[About this task]
Set down, exactly as written, the lines from the top of the data to the line that holds "China Nylon Oxford", and omit the pictures.

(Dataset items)

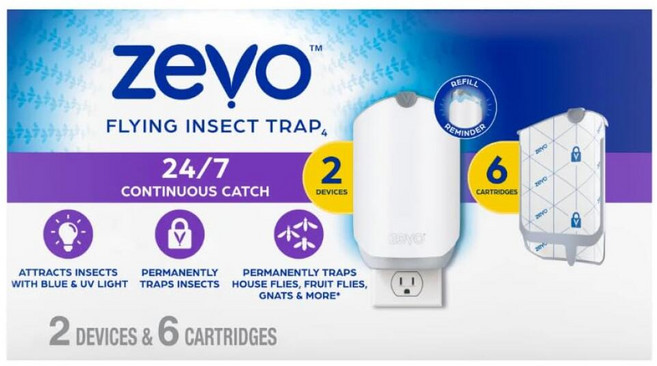 Zevo 플라잉 곤충 트랩 실내 - 플러그인 장치 2개 + 리필 카트리지 2개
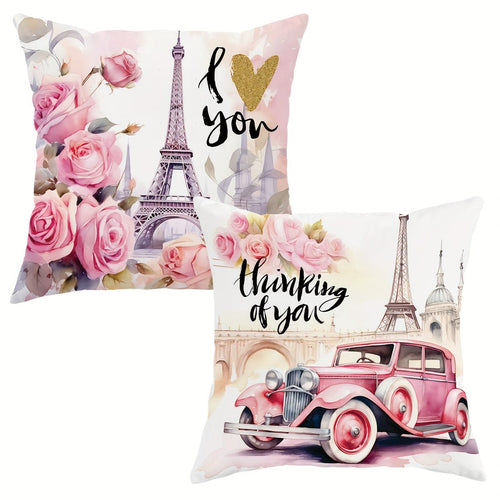 Planet Gates Pink 2pcs Paris Eiffel Tower Floral Car Pink Throw Pillow Covers, Valentine'S Day Throw Pillow Covers, Velvet Decorative Cushion Cover 45×45Cm/18"×18" For Valentine'S Day Party Living Room Bedroom Sofa Bed Home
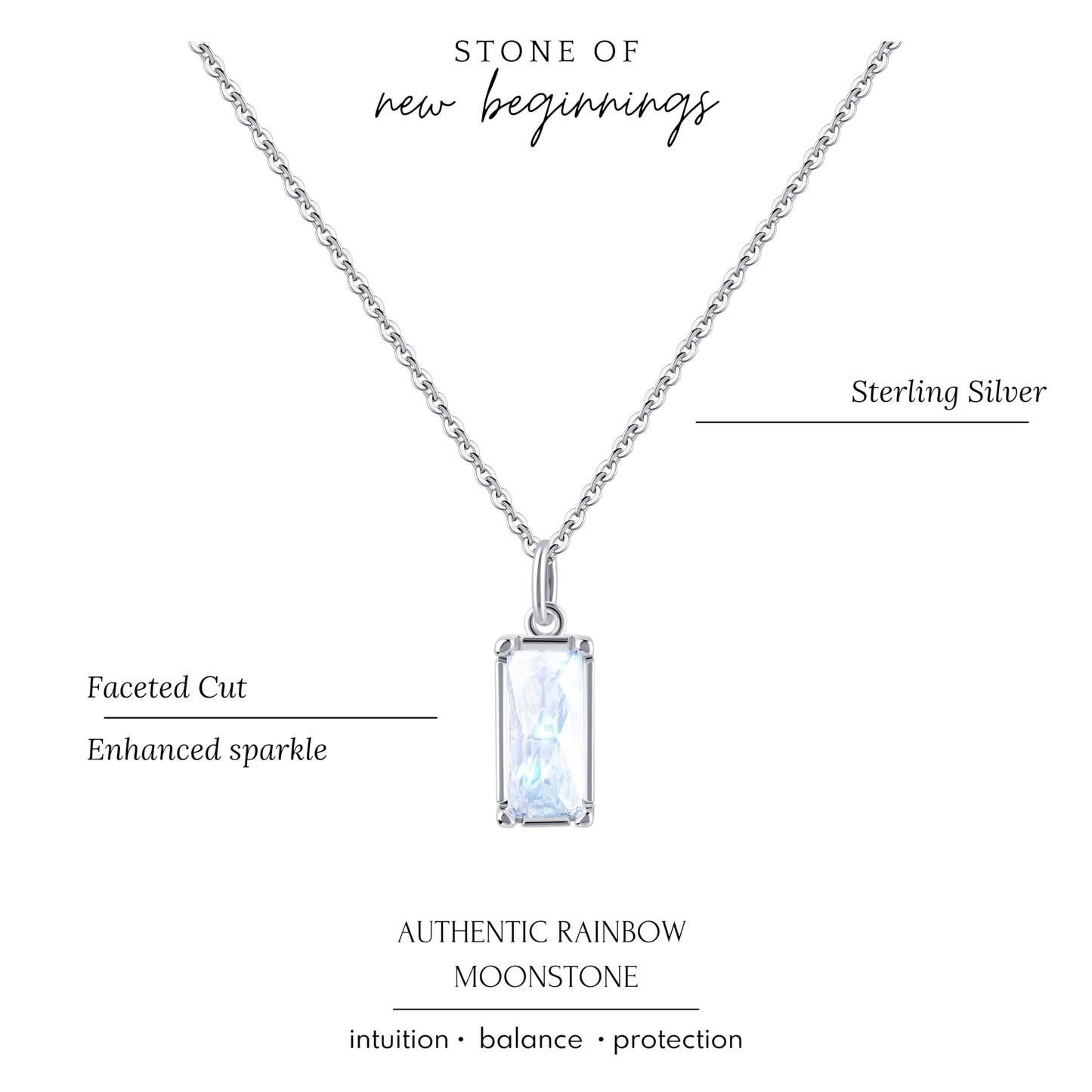 HOPE LOVE SHINE New Beginnings Rainbow Moonstone Sterling Silver Necklace for Women - Meaningful Jewelry Gifts for Her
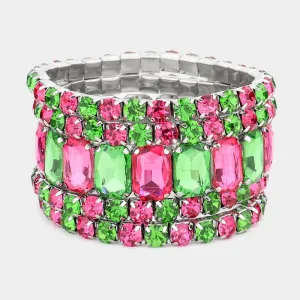 5 Pieces - Pink and Green Stone Stretch Multi Layered Pageant Bracelets | Prom Jewelry |  567938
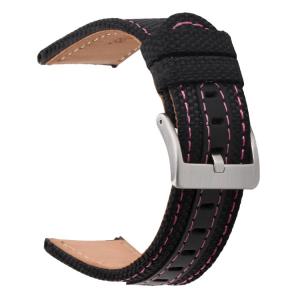 China Nylon Oxford Waterproof Leather Watch Strap Bands 24mm Adjustable Two Piece on sale
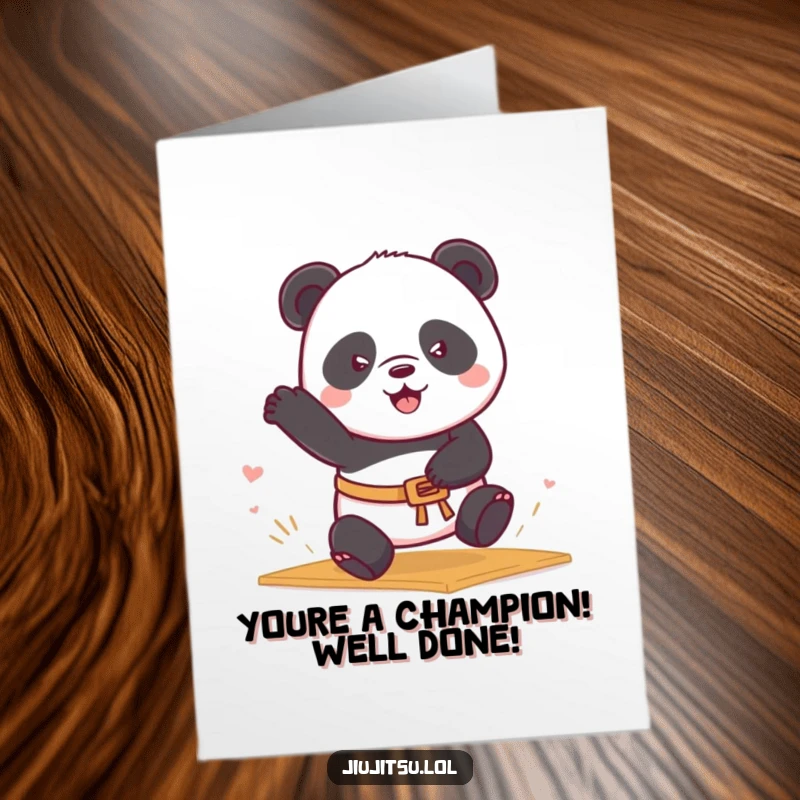 Free Printable Congratulations Card: A determined panda bear wearing a belt executes a playful mat sweep, celebrating their success.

[Reply]
 Zevo 플라잉 곤충 트랩 실내 - 플러그인 장치 2개 + 리필 카트리지 2개
 Planet Gates Pink 2pcs Paris Eiffel Tower Floral Car Pink Throw Pillow Covers, Valentine'S Day Throw Pillow Covers, Velvet Decorative Cushion Cover 45×45Cm/18"×18" For Valentine'S Day Party Living Room Bedroom Sofa Bed Home
 HOPE LOVE SHINE New Beginnings Rainbow Moonstone Sterling Silver Necklace for Women - Meaningful Jewelry Gifts for Her
 5 Pieces - Pink and Green Stone Stretch Multi Layered Pageant Bracelets | Prom Jewelry |  567938
 China Nylon Oxford Waterproof Leather Watch Strap Bands 24mm Adjustable Two Piece on sale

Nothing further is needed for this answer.